It is the feast of St Teresa of Ávila (above), founder of the discalced (‘without shoes’, although they actually wore sandals) Carmelite order of nuns, as well as being a mystic and mystical theologian, who died today in 1582. Teresa unusually combined a practical and down to earth approach to herself and the organisation of her work, with a depth of spiritual experience that has made her one of the most widely read Spanish writers. Her own estimation of her experiences was shot through with humour. She once said she was ashamed to go to her confessor ‘for fear he might laugh at me and say, What a Saint Paul she is, with her visions!’ Teresa was declared to be a saint 40 years after she died.
O thou undaunted daughter of desires!
By all thy dower of lights and fires;
By all the eagle in thee, all the dove;
By all thy lives and deaths of love…
By all the Heav’n thou hast in Him
(Fair sister of the seraphim!);
By all of Him we have in thee;
Leave nothing of myself in me.
Richard Crashaw, ‘Upon the Book and Picture of the Seraphical Saint Teresa’
Today in 1991, physicists were surprised to discover a previously unknown high energy particle travelling at 99.999% of the speed of light over the US state of Utah.

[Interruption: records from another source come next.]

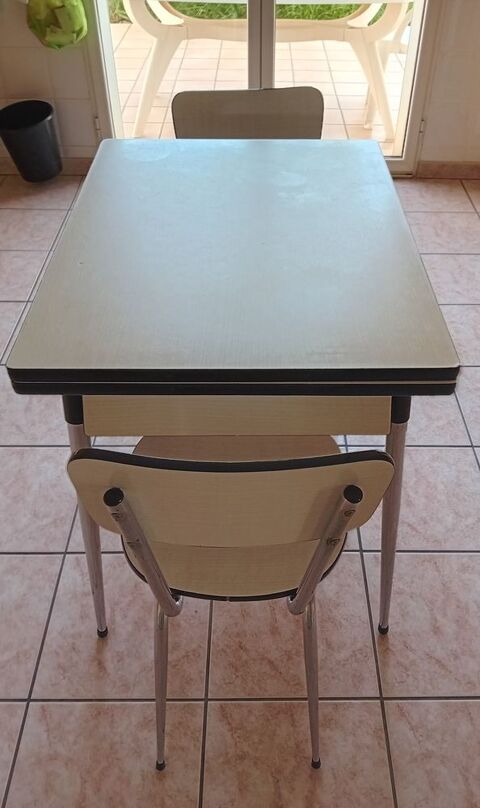 Table de cuisine avec 2 chaises 0 Pollestres (66)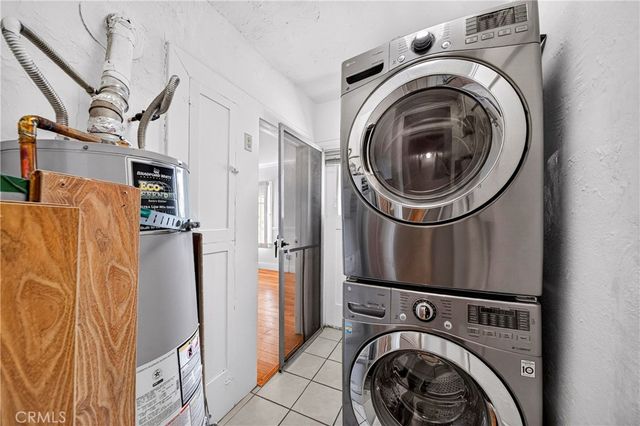 139 S Manhattan 145, Los Angeles, CA 90004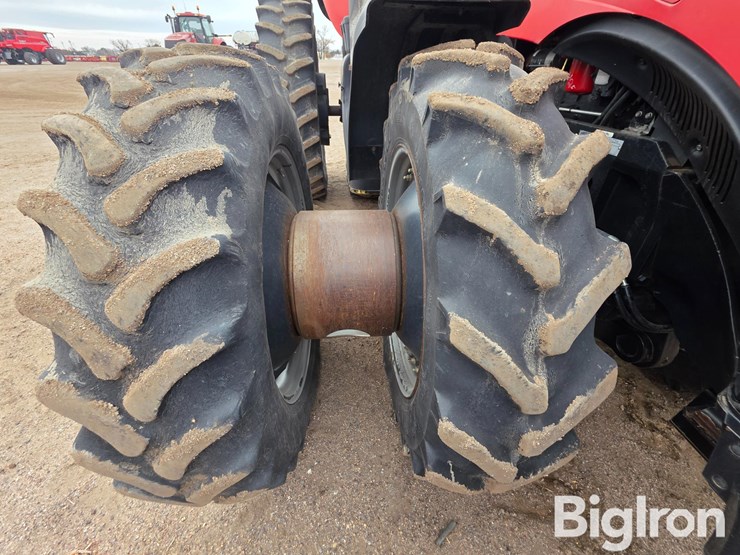 case-ih-magnum-305-image-16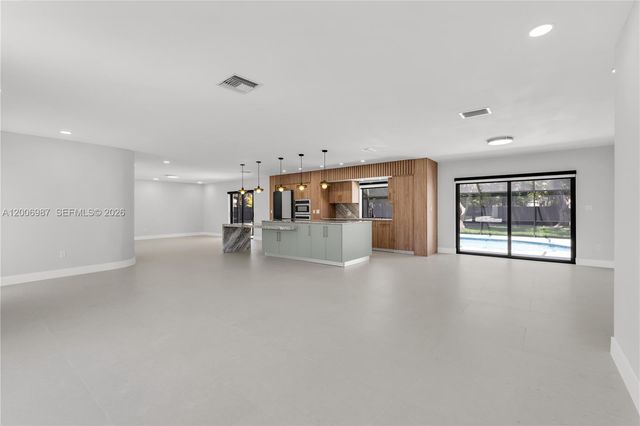 17737 SW 86th Ave, Palmetto Bay, FL 33157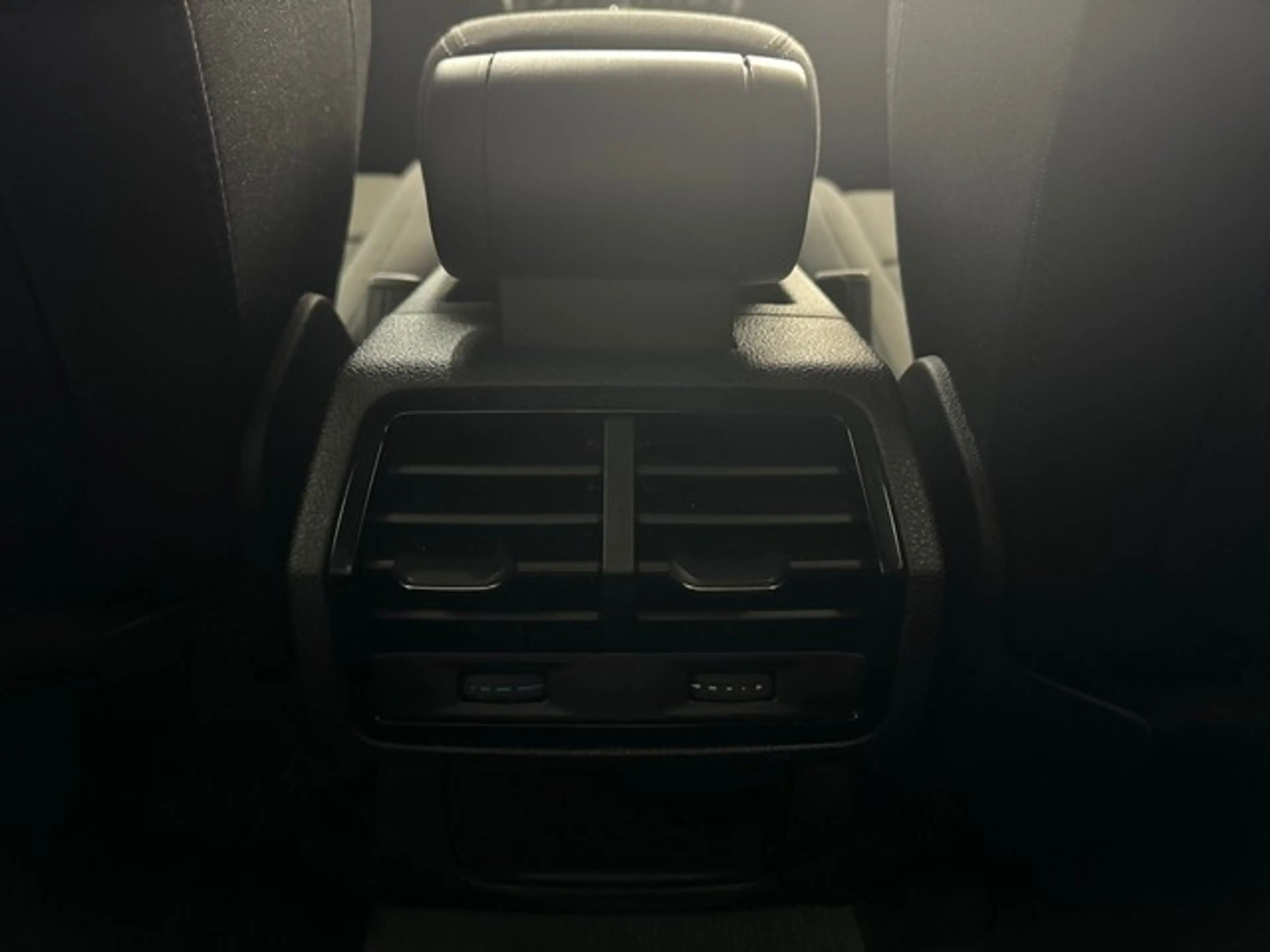 Audi Q3 advanced LED BUSINESS KAMERA NAVI KOMFORTPAKET ... — photo 19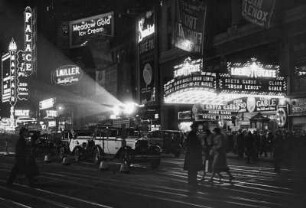 Broadway bei Nacht (Loew's State Theatre), New York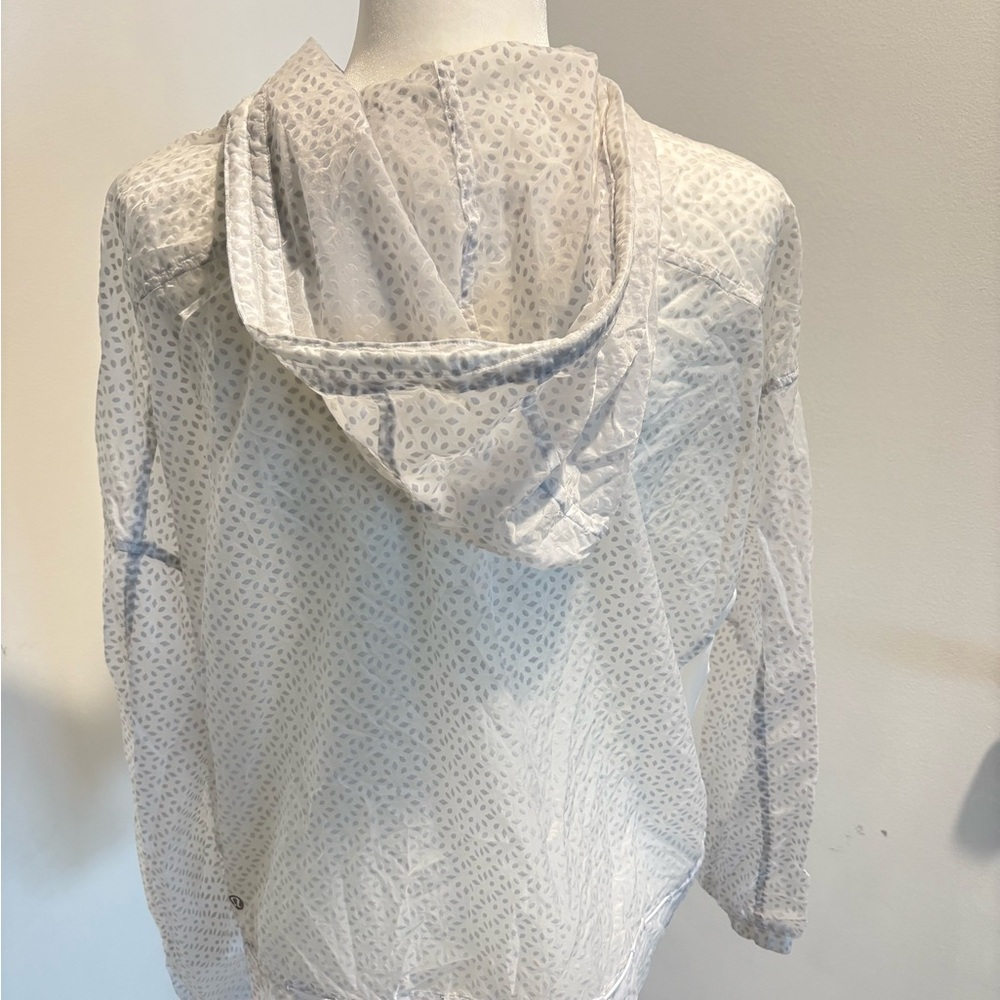 Lululemon Nylon Patterned Jacket - image 2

They theorised that it had been ejected from a supermassive black hole in a neighbouring galaxy. Their surprise was so great that they jokingly named it the Oh-My-God particle, a name which has stuck.
This day in 1582 was the first day of the Gregorian calendar for most of the Catholic countries of Europe, instituted by Pope Gregory XIII. For the previous 1,627 years, Western civilisation had followed Julius Caesar’s calendar, in which a year was reckoned to be exactly 365.25 days long. By 1582, the calendar was running 10 days slow against the reality of the solar year, which is 365.242 days long. The Church was horrified to learn it had been celebrating Easter (not to mention all the other days of the Church year) on the wrong day. So today became 24 October, and under the new calendar, 10 minutes and 48 seconds were snipped off the length of the year. The names of the months, and number of days in each of them, remained unchanged, so the modern year still follows important features from the ancient Julian calendar.
Today in 1764, Edward Gibbon had the first spark of inspiration that led to him writing one of the great books of his time, The History of the Decline and Fall of the Roman Empire. He was on a grand tour of Europe, and was in Rome. Published in six volumes between 1776 and 88, the book changed the course of his life, and many other lives too, as its negative critique of Christianity was highly influential throughout the 19th and into the 20th centuries.
‘It was at Rome, on the fifteenth of October 1764, as I sat musing inside the ruins of the Capitol, while the barefooted friars were singing vespers in the temple of Jupiter, that the idea of writing the decline and fall of the City first started to my mind.’ Edward Gibbon, Memoirs of My Life
Pope Leo XIII issued the Bull Dall’alto Dell’apostolico Seggio (‘From the height of the Apostolic Throne’) today in 1890, attacking freemasonry in Italy.
William Temple, Archbishop of Canterbury in the middle years of the Second World War, was born today in 1881 in Exeter, Devon. His father Frederick was also Archbishop of Canterbury (from 1896 to 1902), making them the only father and son to occupy the Chair of St Augustine.
Wasatch Beers, famous for poking fun at Utah, the home of Mormonism, opened a pub on Main Street in Salt Lake City today in 1986 and started brewing beer. Wasatch is best known for its Polygamy Porter, bearing the slogan, ‘Why have just one?’, but also brews Evolution Amber Ale: ‘Created in 27 days, not 7’.